Home / News / Firms with fewer than 30 employees now being ‘phased into’ Auto Enrolment

Firms with fewer than 30 employees now being ‘phased into’ Auto Enrolment

Lifetime news

Posted on: 19/06/2015

Small family businesses and people with a single employee will need to start paying into a pension for their workers in the next phase of a move to boost retirement savings.

From May 31, 2015, thousands of firms with fewer than 30 employees will start to be phased into the Government’s Automatic Enrolment scheme, which was set up amid fears that people are living for longer but are not saving enough money for their old age.

Around 14,000 small and micro businesses will be reaching their staging dates this month (June), with tens of thousands due to hit their own staging dates over the next two years, according to the Pensions Regulator.

More than five million employees have already been placed into workplace pensions.

Eventually as many as 1.3million employers will have automatically enrolled up to 10 million eligible workers into a workplace pension scheme.

So far, the scheme has been hailed as a success, with around nine in 10 people who have been put into a pension choosing to stay in it. Employees have the right to opt out of the scheme but they must be enrolled into it before they can do so.

By the time they reach their staging date, an employer should have everything in place and be ready to enrol their staff into their automatic enrolment pension scheme.

Employers persistently ignoring their auto-enrolment duties could ultimately face fines.

Research released today by NOW: Pensions revealed that some 27 per cent or 350,000 small businesses are at risk of getting slapped with penalties because they haven’t yet given any thought to finding a pension provider. However, this was an encouraging improvement on the 44 per cent who admitted they were unprepared last year.

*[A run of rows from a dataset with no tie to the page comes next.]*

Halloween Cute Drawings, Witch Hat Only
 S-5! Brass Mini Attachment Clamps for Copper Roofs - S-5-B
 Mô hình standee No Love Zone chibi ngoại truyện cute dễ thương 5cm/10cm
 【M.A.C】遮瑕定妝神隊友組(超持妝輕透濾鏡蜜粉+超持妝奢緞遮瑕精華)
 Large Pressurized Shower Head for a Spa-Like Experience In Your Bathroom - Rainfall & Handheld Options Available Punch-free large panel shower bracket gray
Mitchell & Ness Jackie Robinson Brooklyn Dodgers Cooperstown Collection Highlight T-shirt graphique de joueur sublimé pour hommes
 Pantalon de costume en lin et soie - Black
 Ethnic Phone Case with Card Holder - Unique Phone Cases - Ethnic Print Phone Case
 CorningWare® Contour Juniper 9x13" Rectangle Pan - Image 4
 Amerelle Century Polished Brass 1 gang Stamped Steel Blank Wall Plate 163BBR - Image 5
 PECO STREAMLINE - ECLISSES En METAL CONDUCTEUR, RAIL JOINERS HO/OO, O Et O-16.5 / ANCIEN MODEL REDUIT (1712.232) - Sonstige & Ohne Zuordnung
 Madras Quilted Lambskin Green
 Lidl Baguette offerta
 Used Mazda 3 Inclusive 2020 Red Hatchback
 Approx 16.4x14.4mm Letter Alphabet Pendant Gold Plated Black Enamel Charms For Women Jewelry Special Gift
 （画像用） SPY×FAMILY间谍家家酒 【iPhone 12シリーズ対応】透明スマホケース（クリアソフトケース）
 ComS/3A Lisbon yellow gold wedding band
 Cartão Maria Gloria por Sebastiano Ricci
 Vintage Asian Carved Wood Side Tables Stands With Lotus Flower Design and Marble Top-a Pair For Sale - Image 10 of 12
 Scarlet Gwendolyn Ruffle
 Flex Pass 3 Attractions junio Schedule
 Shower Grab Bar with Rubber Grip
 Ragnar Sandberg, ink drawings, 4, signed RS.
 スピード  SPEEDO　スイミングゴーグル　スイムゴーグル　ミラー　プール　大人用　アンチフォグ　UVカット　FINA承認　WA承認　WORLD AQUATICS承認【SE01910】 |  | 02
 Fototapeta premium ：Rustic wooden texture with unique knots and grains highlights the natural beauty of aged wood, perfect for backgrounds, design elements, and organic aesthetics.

The Pensions Regulator said that so far, escalating penalties have only been used on a handful of occasions. It said that it does not want to fine businesses and it wants to work with employers to help them meet their duties.

At present, employers must contribute one per cent of an employee’s qualifying earnings, but from October 2017 this will increase to two per cent and from October 2018 it will increase again, to three per cent.